- Records for this task:
____

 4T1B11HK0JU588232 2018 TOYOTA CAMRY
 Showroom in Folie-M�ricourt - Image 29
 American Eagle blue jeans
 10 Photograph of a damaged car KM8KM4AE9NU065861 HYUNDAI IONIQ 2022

____

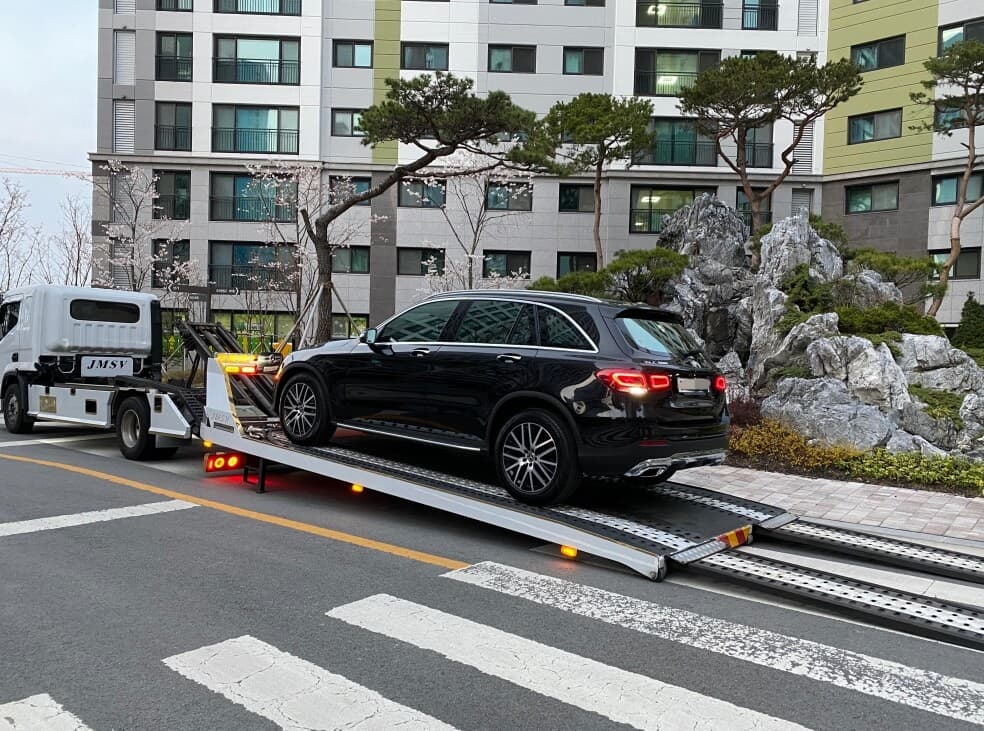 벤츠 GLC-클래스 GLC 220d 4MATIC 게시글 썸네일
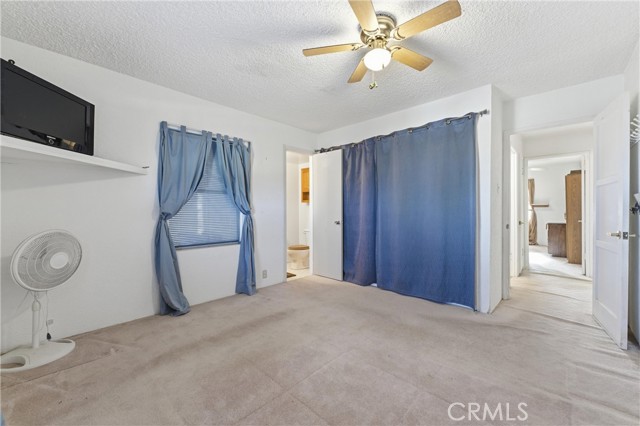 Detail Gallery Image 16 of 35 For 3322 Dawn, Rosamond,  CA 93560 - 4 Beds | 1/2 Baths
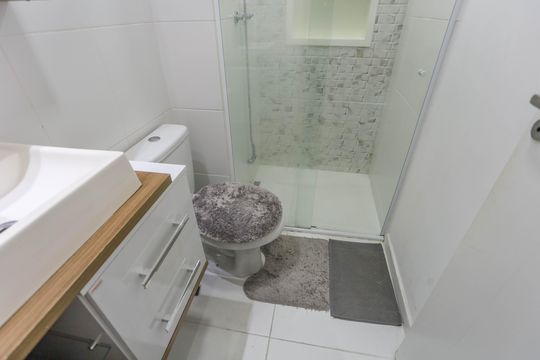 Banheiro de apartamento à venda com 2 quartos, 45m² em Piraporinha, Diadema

____

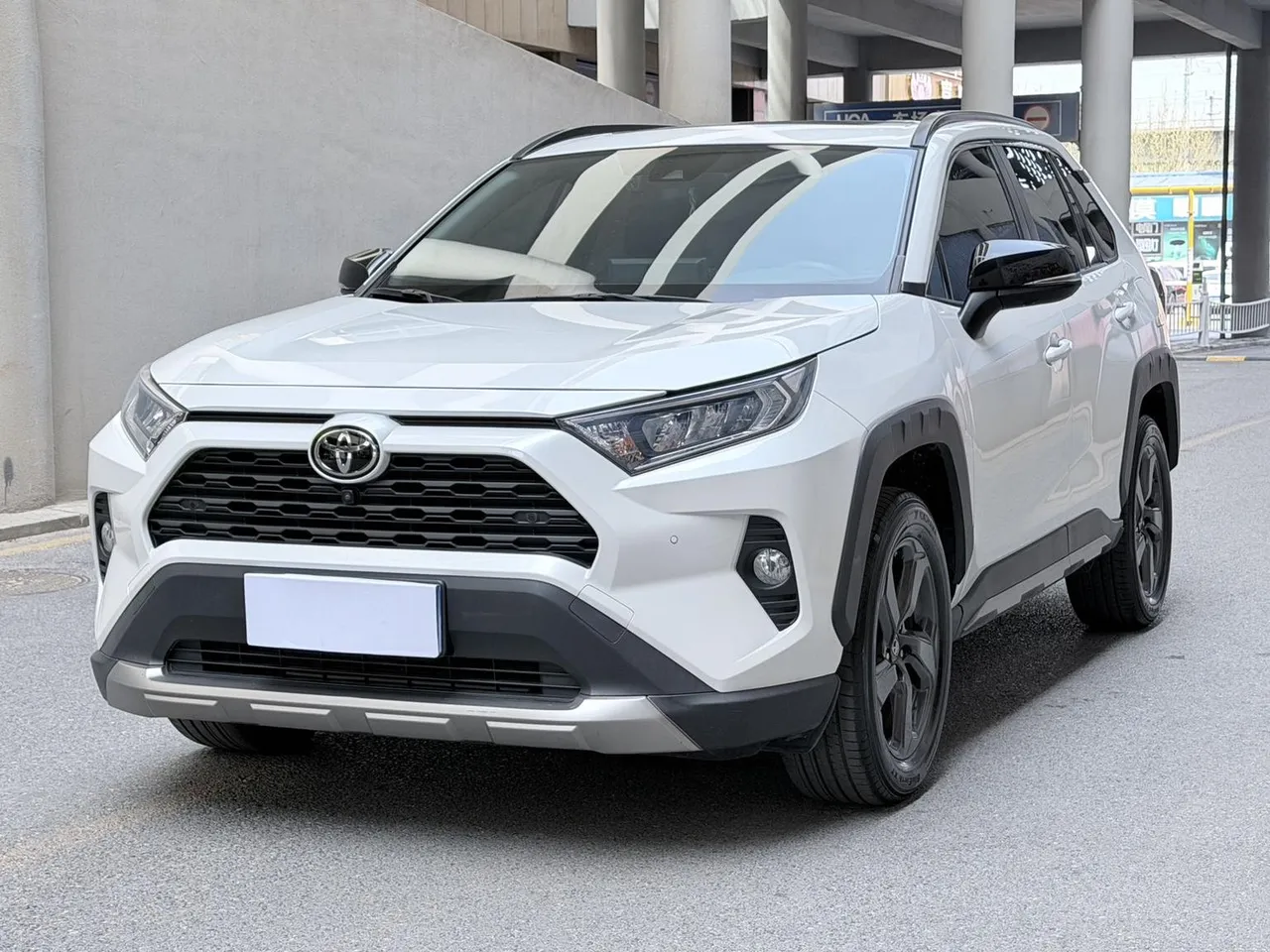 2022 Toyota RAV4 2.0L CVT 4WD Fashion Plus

____

- What needs to be done: Please output the lines above beginning at the line with "Detail Gallery Image" and ending after the line with "Banheiro de apartamento", precisely as written and with no pictures.

- Exercise answer:
 Detail Gallery Image 16 of 35 For 3322 Dawn, Rosamond,  CA 93560 - 4 Beds | 1/2 Baths
 Banheiro de apartamento à venda com 2 quartos, 45m² em Piraporinha, Diadema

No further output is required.